After the staggering success of their debut record, Oracular Spectacular – one of the most youthful and time-proof releases of the 2000’s – MGMT hit a stagnant period of releases, chasing their earlier success with ever more surreal and alienating attempts to recapture former glories. Their most recent LP has undeniably put to group back on the right creative tracks and the sense of youthful optimism has been restored to the air as the audience await the headline act.
“They’re from the Eastern Shores”, announces a booming, pre-recorded voice, ‘Ladies and gentlemen… MGMT!’
Strobe lights and colourful screens on stage are greeted with cheers from an animated crowd and, as the group (featuring three touring members) wave to spectators and commence their set with 2007’s The youth, it is quickly apparent that this is a tour fuelled by celebration, fun and, at the risk of sounding pessimistic; relief.
The second track played is new single ‘When You Die’, which was met with equal enthusiasm – seamlessly fitting into the band’s setlist between older staples.
The set throughout the evening mostly borrowed from the first album and the most recent release, with only very occasional forays into the three lesser-talked about LPs, such as ‘Flash Delirium’ (which has the timeless, crowd-pleasing accolade of featuring on Fifa 2011), and 12-minute Siberian Breaks, from sophomore album, Congratulations. The stage design, which consisted of Roman columns, potted trees and multiple screens projecting ever-more trippy, hallucinogenic videos, were all testaments to the sense of light-hearted enjoyment that the group embody.
MGMT have an almost inconceivable trio of secret weapons when it comes to curating a live setlist, in their early singles ‘Time to Pretend’, ‘Electric Feel’ and ‘Kids’; any one of which is guaranteed to evoke a positive atmosphere in even the frostiest of concert halls.
Andrew Vanwyngarden is still not the elite, powerful vocalist that you may expect to see gracing the Hammersmith Apollo, but he has the bohemian charm and arsenal of feel-good bops to compensate for this.
Bravely, the group returned to the stage for a three-song encore, having already used all three of the cornerstones from the first album and both main singles from Little Dark Age. Vanwyngarden and Ben Goldwasser performed as a duo under the spotlight for stripped-back song When You’re Small, before reincorporating the group for the following tracks.

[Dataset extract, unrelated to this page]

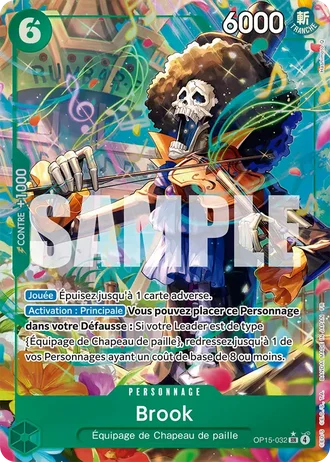 Brook (OP15-032) (Alternative Art) — Aventure sur l'Île de Dieu (OP15-EB04)
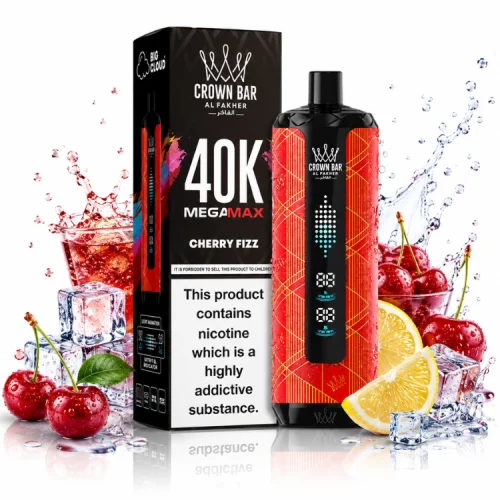 Cherry Fizz By Al Fakher Crown Bar Mega Max 40K Puffs Disposable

It was admirable to return to the stage post-Kids, as if to make a stand that the show doesn’t still climax with a decade-old hit, but a poor choice of encore songs made for an anti-climactic end to an evening that had offered so many climaxes throughout the set.
It is reassuring, nonetheless, that this was the performance of a group who have recaptured a child-like spark that made a whole generation of music fans fall in love with Bohemian indie bops.